Fabric Features not found in Azure Synapse or Power BI – Data Wrangler
The second element in my series on new Fabric Features is Data Wrangler. Data Wrangler is an entirely new feature found inside of the Data Engineering and Machine Learning Experience of Fabric. It was created to help analyze data in a lakehouse using Spark and generated code. You may find that there’s a lot of data in the data lake that you need to evaluate to determine how you might incorporate the data into a data model. It’s important to examine the data to evaluate what the data contains. Is there anything missing? Incorrectly data typed? Bad Data? There is an easy method to discover what is missing with your data which uses some techniques commonly used by data scientists. Data Wrangler is used inside of notebooks in the Data Engineering or Machine Learning Environments, as the functionality does not exist within the Power BI experience.
Step-by-step Data Wrangling
The example I am going to walk through here uses the public holiday sample dataset, which you can load by clicking on the Use a sample button with Data Engineering, and selecting Public Holidays. Once you create a lakehouse with the sample data, you can follow along with the steps in this blog for doing your own data wrangling.
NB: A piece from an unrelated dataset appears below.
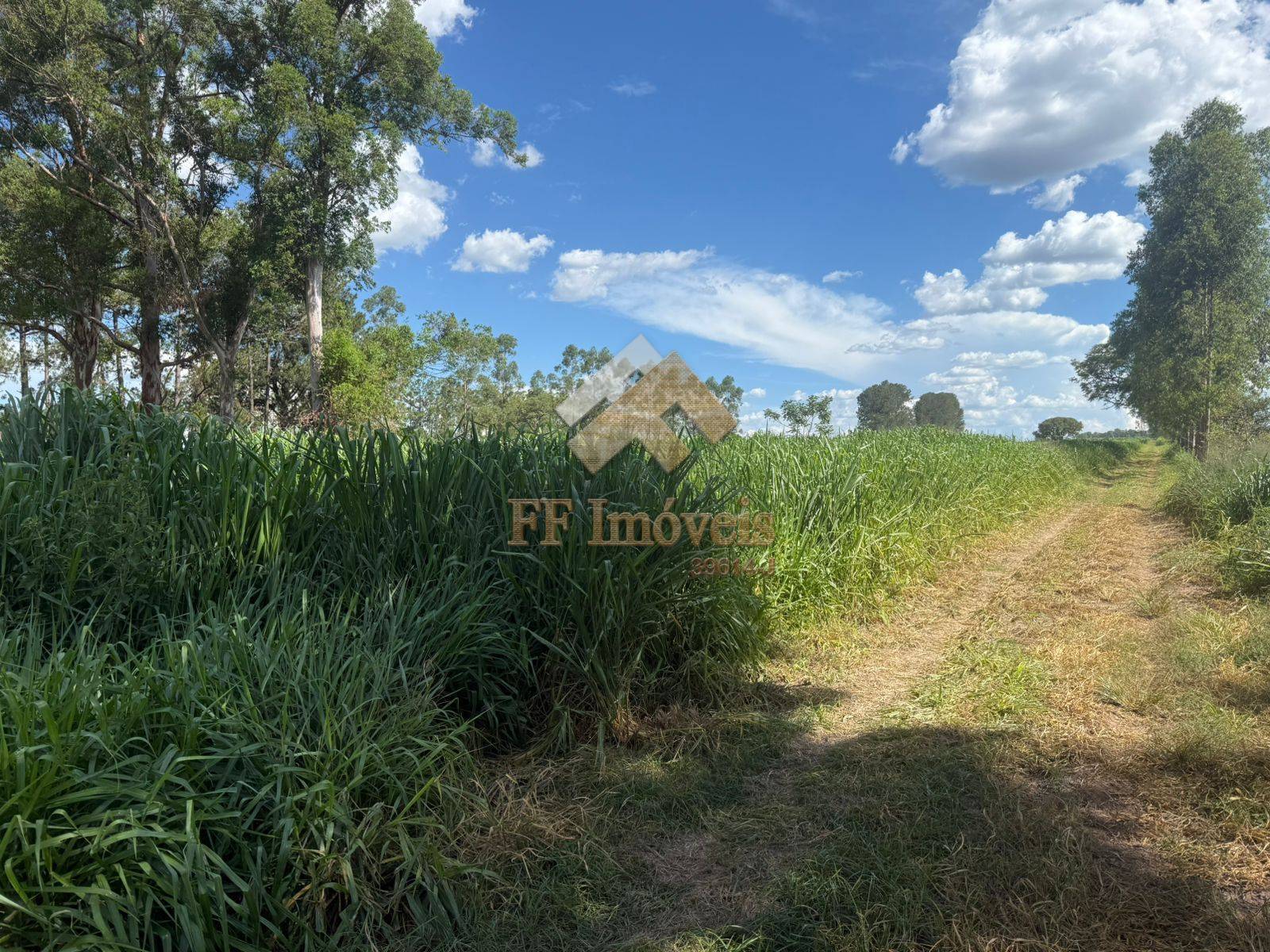 Sítio, 5 quartos, 5 m² - Foto 7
From within the Data Engineering Environment, select the notebook from the + New dropdown menu to create a new notebook. You will need to add some data to the lakehouse inside of the new notebook. To do this, click on the green Add button in the lakehouse section of the screen to add your Public Holiday Lakehouse. After the lakehouse is loaded, you will have two file folders, if you click on the one labelled Files, you will see two more folders. Click on the folder called sample_datasets, which makes it turn green and you will see a list of files in the sample_datasets pane which opens up. If you click on the ellipse menu next to public_holidays.parquet, you will see a popup window. In that window, select Load data and you will see two options, Spark and Pandas. The screen image shows what it looks like.
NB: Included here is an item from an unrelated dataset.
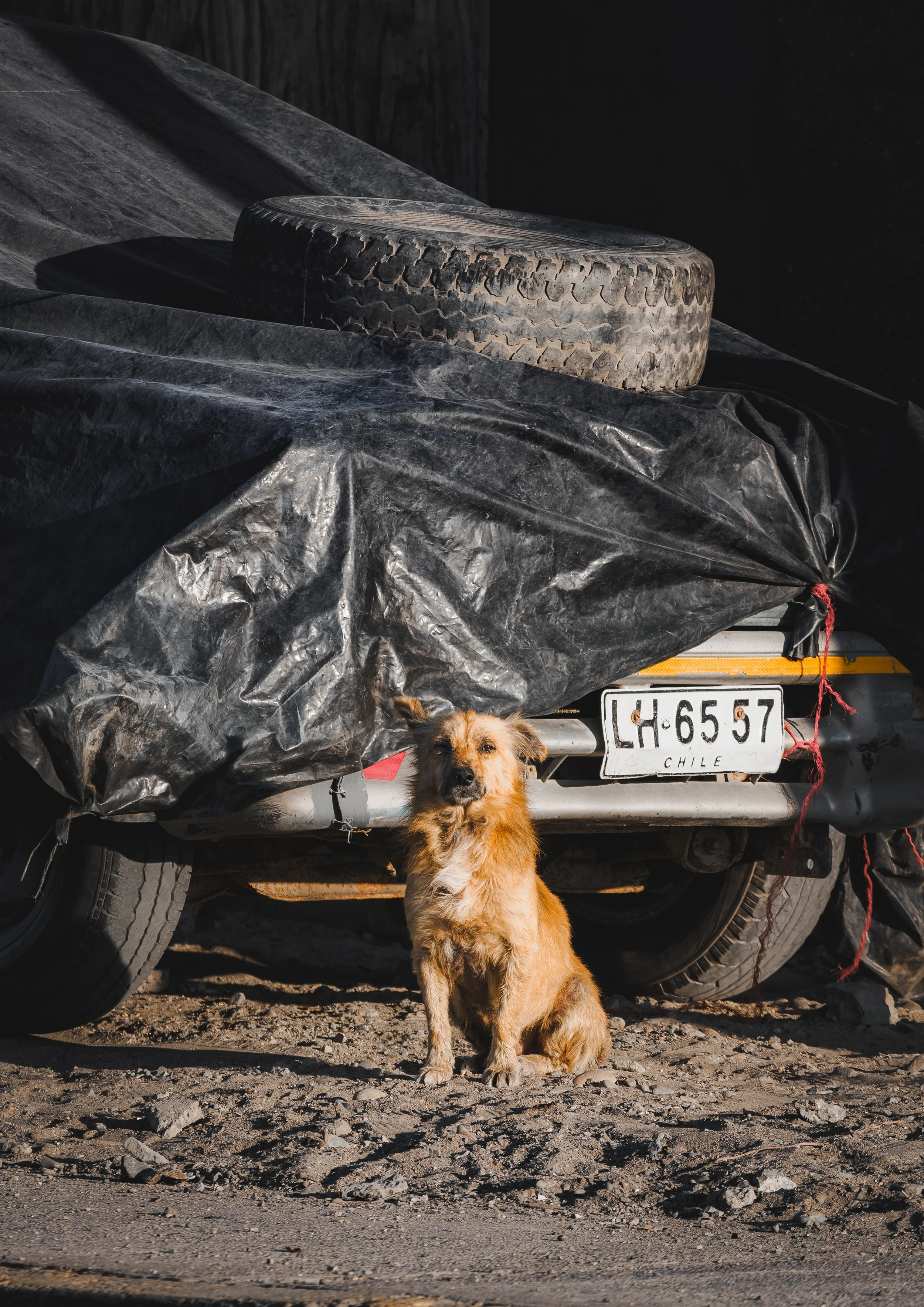 CHILLI STREET DOG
When Fabric was first released, the only option available for Data Wrangling was pandas, which is not Spark compliant. For more information regarding Pandas, check out my blog on Koalas where I cover why you don’t want to use pandas. I am very happy to see the Spark dataframes option as it is spark compliant, and can then take advantage of Spark’s superior memory and data management. However all of the generated code is pandas, and then converted to Spark. Data Wrangler will use Pandas no matter which option you select. We are now going to need to run this code which was generated for us so the data is loaded in a Spark DataFrame, by going to the Run menu and selecting Run all. This will start up the Spark cluster and run the code. You can look in the bottom left corner to see when it is complete.
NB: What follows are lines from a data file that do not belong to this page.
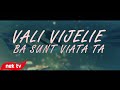 Vali Vijelie - Ba sunt viata ta [lyric video]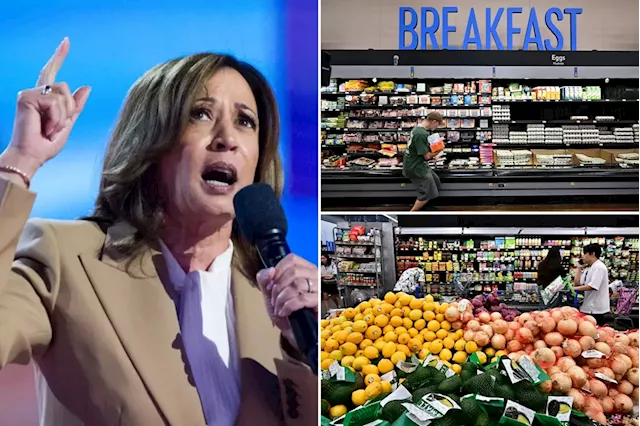 Food industry fires back at Kamala Harris' price control plans to combat soaring grocery prices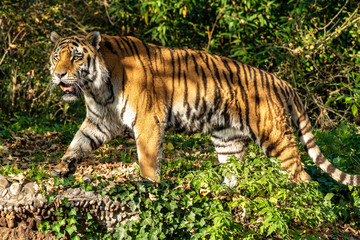 The Siberian tiger,Panthera tigris altaica in the zoo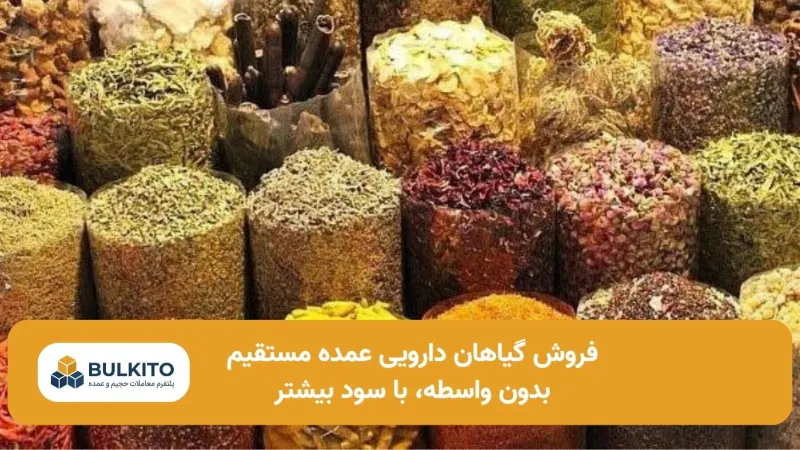 فروش گیاهان دارویی عمده مستقیم؛ راهنمای جامع حذف واسطه و افزایش سود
Once you see the data you can start wrangling it. Go the Data tab and select Transform DataFrame in DataWrangler, then select the dataframe which was created for you, df.
Using Data Wrangler
In the Data Wrangler screen which is pictured here, you will see several interesting items. The first is at the top of the screen, where it lets you know that this code is pandas, but the code will be converted to pySpark when you leave Data Wrangler, but everything here will be pandas. This is important as if you end up with code you want to use, you can just use the generated code because it will be spark compliant. The top of the screen looks a lot like something you might see within Power Query if you have all the view items checked. Data Wrangler also shows missing and distinct as well as the top 3 values. On the left side of the screen there is a list of tasks which will generate code for you. I am going to select the first two of them, starting with Drop Duplicate Rows, which you can see in the screen shot image. This will immediately generate a line of code to drop the rows across all columns, but nothing will happen until the Apply button is clicked, which I will do so the code will be run. The applied steps are called cleaning steps and they appear on the bottom left side of the screen. Even if a step is applied it is not removed from the list, which seems odd. I am going to select the next option which is to delete missing values, and I am then prompted with a dropdown box to select which columns I want to drop if missing. I am going to pick all, then apply the change. At this point, since I completed the first two items, I don’t have anything missing as I deleted everything, so the next two steps will do nothing , as there is nothing missing. Clicking the option preview code for all steps allows me to see the generated code.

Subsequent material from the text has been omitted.